[TASK TO COMPLETE]: Repeat the listing exactly, minus the pictures.

[MATERIAL PROVIDED]:

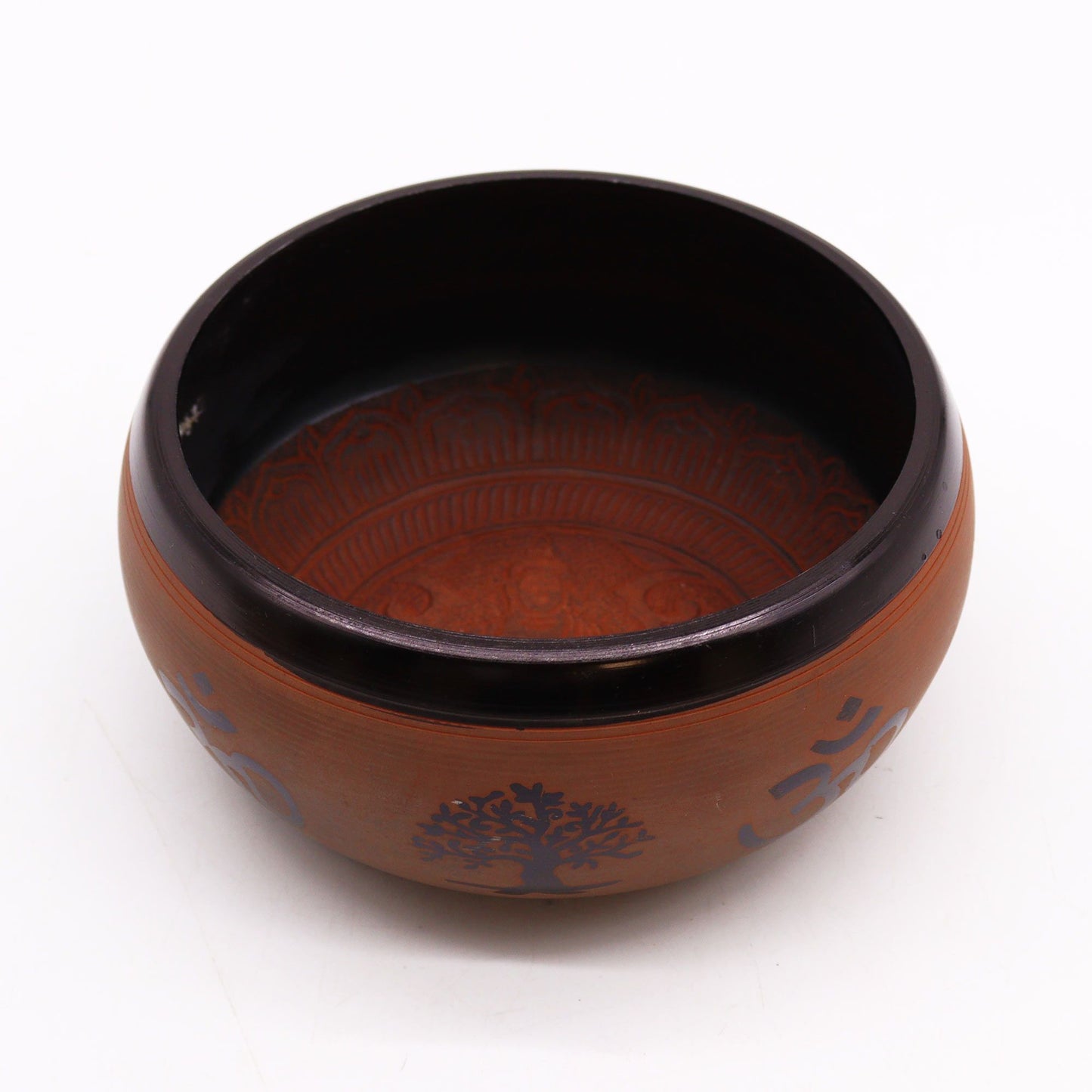 Earth Powder Singing Bowl - Clay Om  Buddha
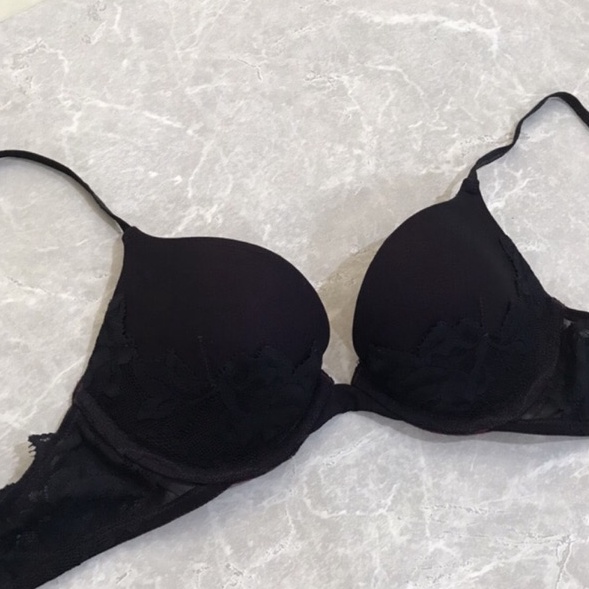 Best Produk Victoria’s Secret Maroon Gel Pushup Lacey Bra VS Bombshell Original Push Up Bra Import B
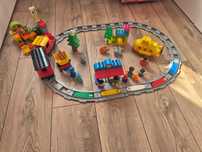 LEGO Duplo 10874 pociąg parowy, kolejka, tory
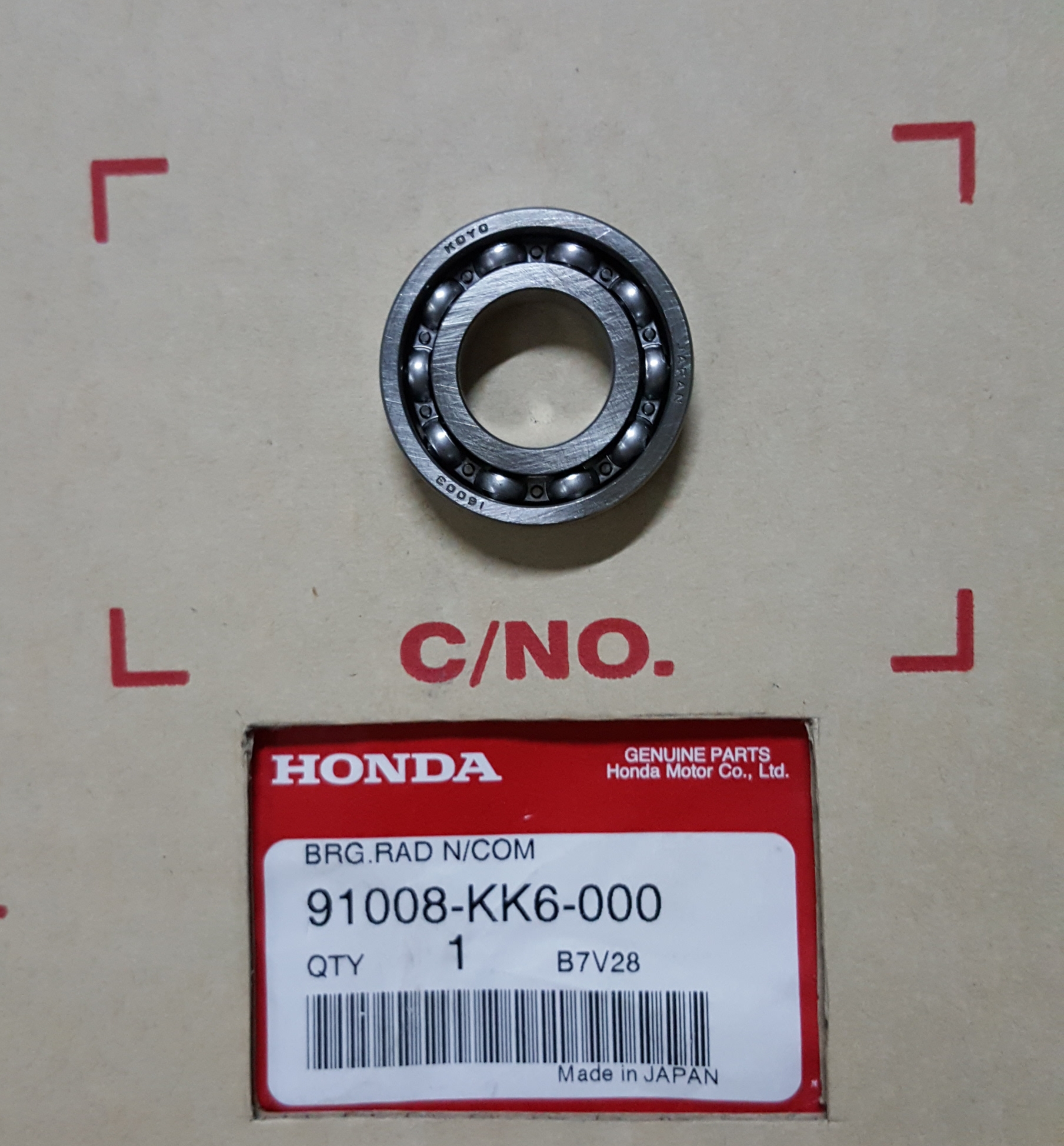 ลูกปืนกดคลัทช์#6003 เวฟ125T,C(ไฟเลี้ยวบังลม)/เวฟ125ไอ(ปี2012-22)ปลาวาฬ-LED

[SOLUTION FOR THIS PROBLEM]:
 Earth Powder Singing Bowl - Clay Om  Buddha
 Best Produk Victoria’s Secret Maroon Gel Pushup Lacey Bra VS Bombshell Original Push Up Bra Import B
 LEGO Duplo 10874 pociąg parowy, kolejka, tory
 ลูกปืนกดคลัทช์#6003 เวฟ125T,C(ไฟเลี้ยวบังลม)/เวฟ125ไอ(ปี2012-22)ปลาวาฬ-LED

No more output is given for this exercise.